# [Goal of the exercise]
All lines from the one containing "Antique 18K Gold Ruby Ring" through the end of the material are to be given back exactly, without pictures.

# [Source data]
————————
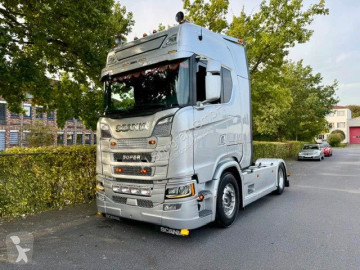 ScaniaL
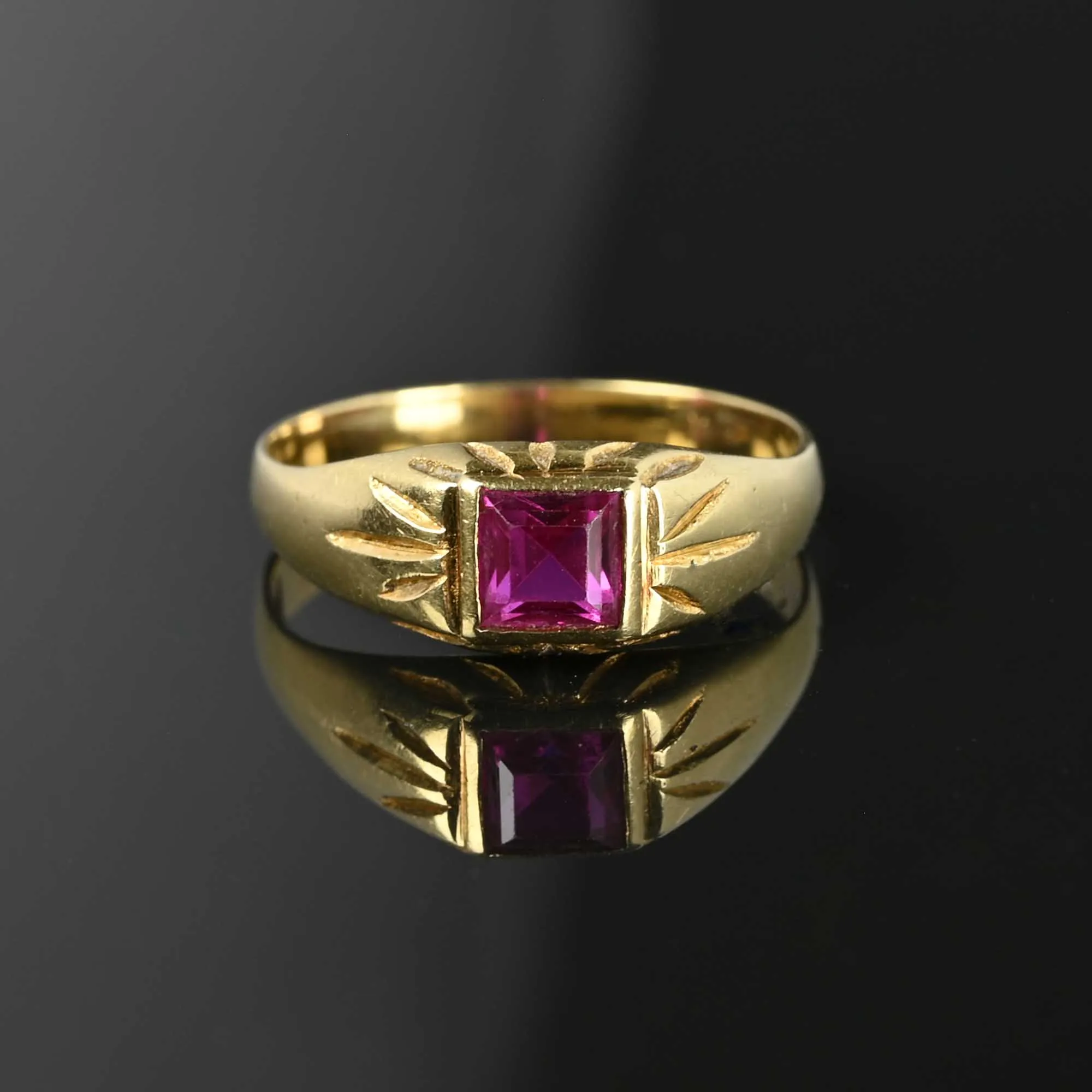 Antique 18K Gold Ruby Ring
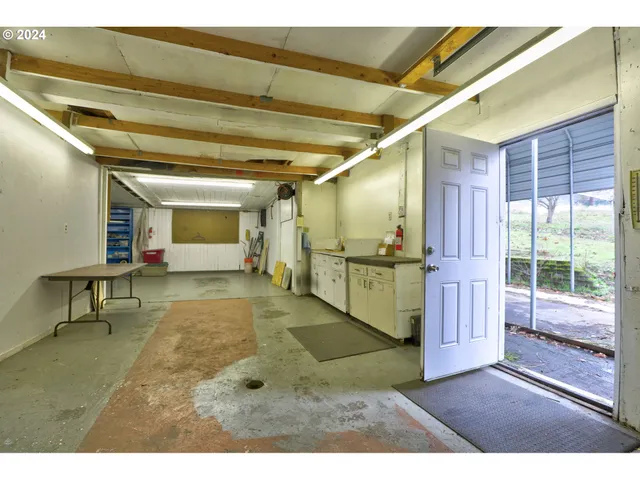 $350,000 | 5700 Highway 30w, The Dalles, OR 97058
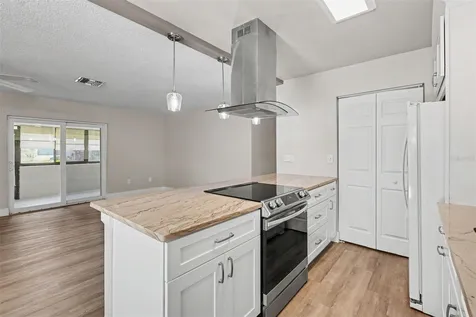 1502 16th Circle SE Largo FL 33771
————————
# [Answer section]
 Antique 18K Gold Ruby Ring
 $350,000 | 5700 Highway 30w, The Dalles, OR 97058
 1502 16th Circle SE Largo FL 33771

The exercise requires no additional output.